- _Supplied data_
--
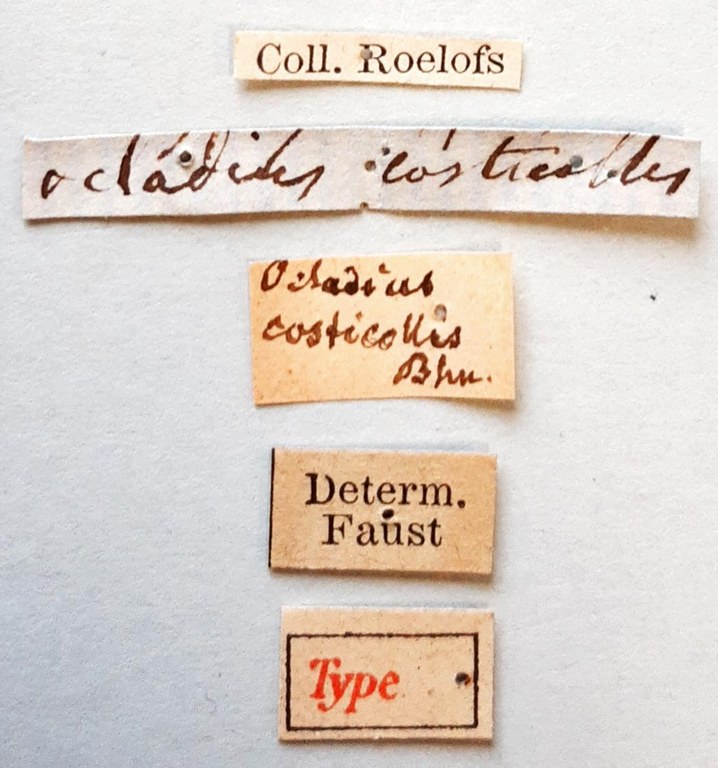 Ocladius costicollis t labels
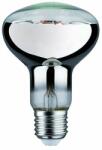 Paulmann Plant bec cu led 1x6.5 W 1300 K E27 28733 (28733)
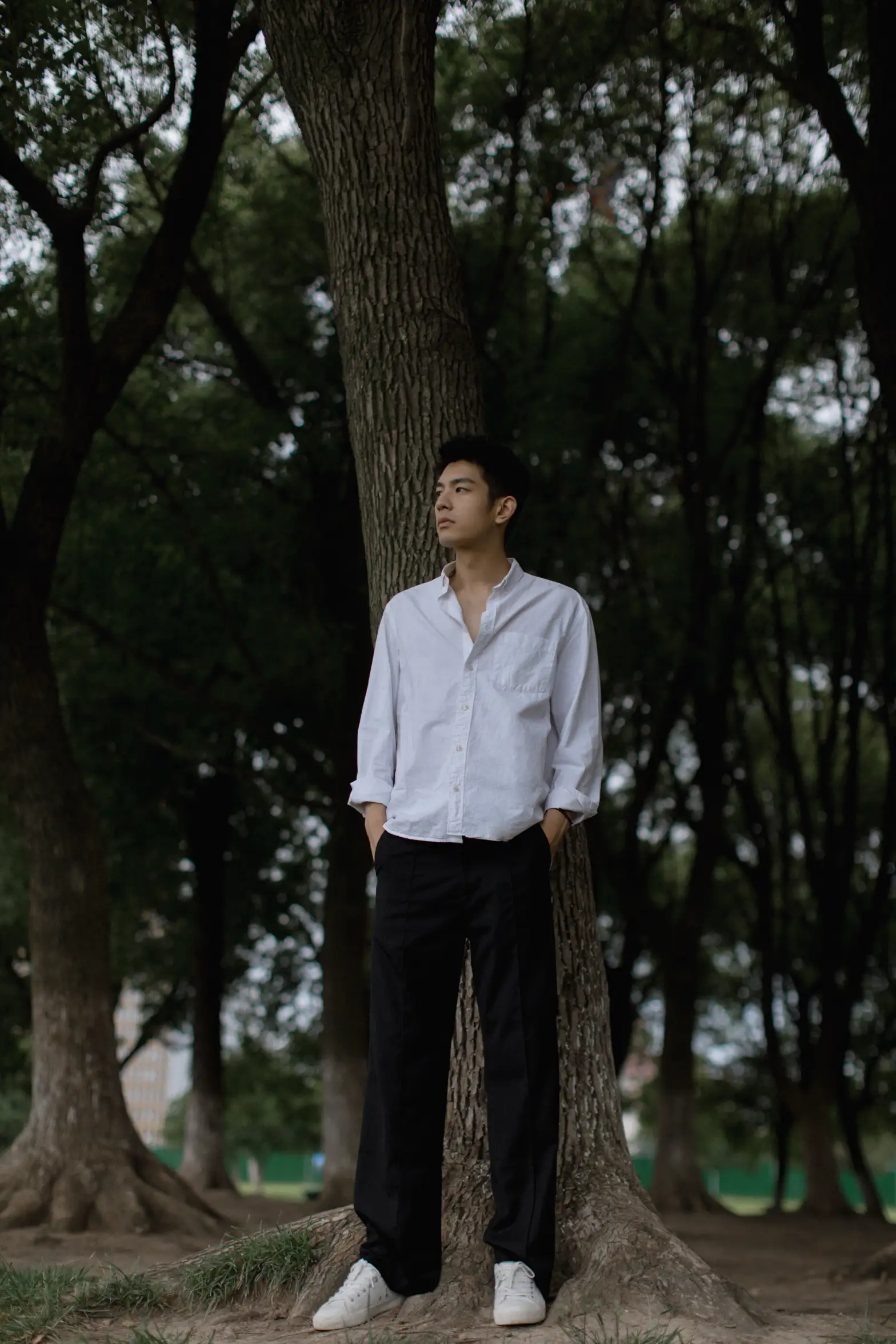 [艺图语] 2021.09.04 Vol.243-019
--
Retype all the data exactly. Omit pictures.

 Ocladius costicollis t labels
 Paulmann Plant bec cu led 1x6.5 W 1300 K E27 28733 (28733)
 [艺图语] 2021.09.04 Vol.243-019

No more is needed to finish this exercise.